INSTRUCTIONS FOR THE TASK >>
Write out, from the entries below, exactly the lines that run between the lines holding "Audi Q3 2,0L 2022" and "Couverture_Lincoln on Leadership Lib/E", inclusive, and stop there.

TASK DATA >>
= = = =

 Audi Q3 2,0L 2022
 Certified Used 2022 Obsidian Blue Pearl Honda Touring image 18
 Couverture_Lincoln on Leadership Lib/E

= = = =

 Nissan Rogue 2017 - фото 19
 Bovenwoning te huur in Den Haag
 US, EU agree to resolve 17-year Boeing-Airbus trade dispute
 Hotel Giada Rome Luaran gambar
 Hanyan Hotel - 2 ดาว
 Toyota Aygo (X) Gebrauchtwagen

= = = =

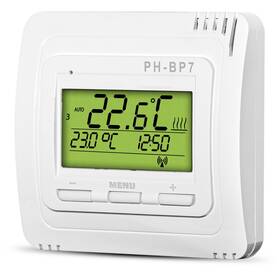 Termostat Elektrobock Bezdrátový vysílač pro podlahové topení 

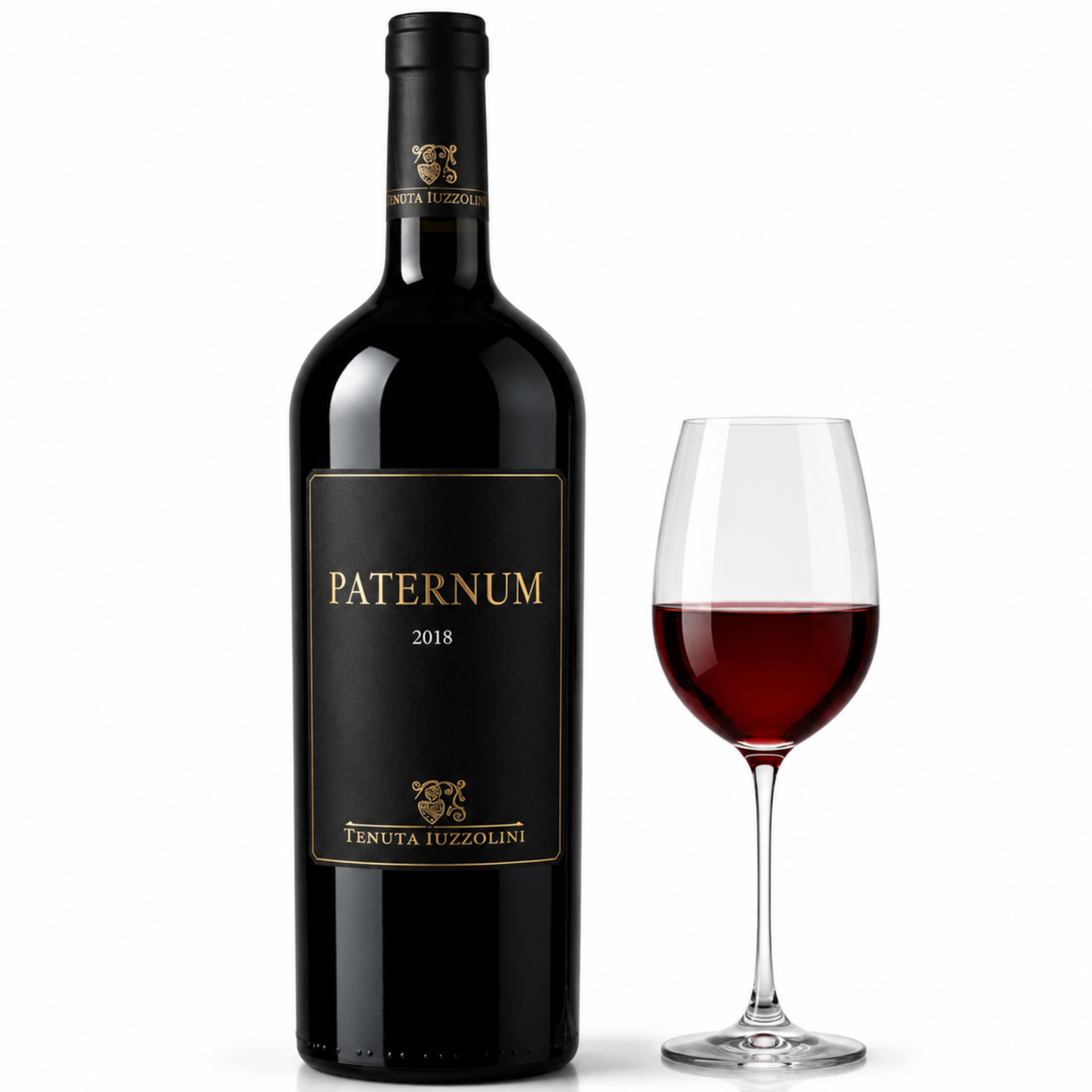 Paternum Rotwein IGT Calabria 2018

= = = =

ANSWER >>
 Audi Q3 2,0L 2022
 Certified Used 2022 Obsidian Blue Pearl Honda Touring image 18
 Couverture_Lincoln on Leadership Lib/E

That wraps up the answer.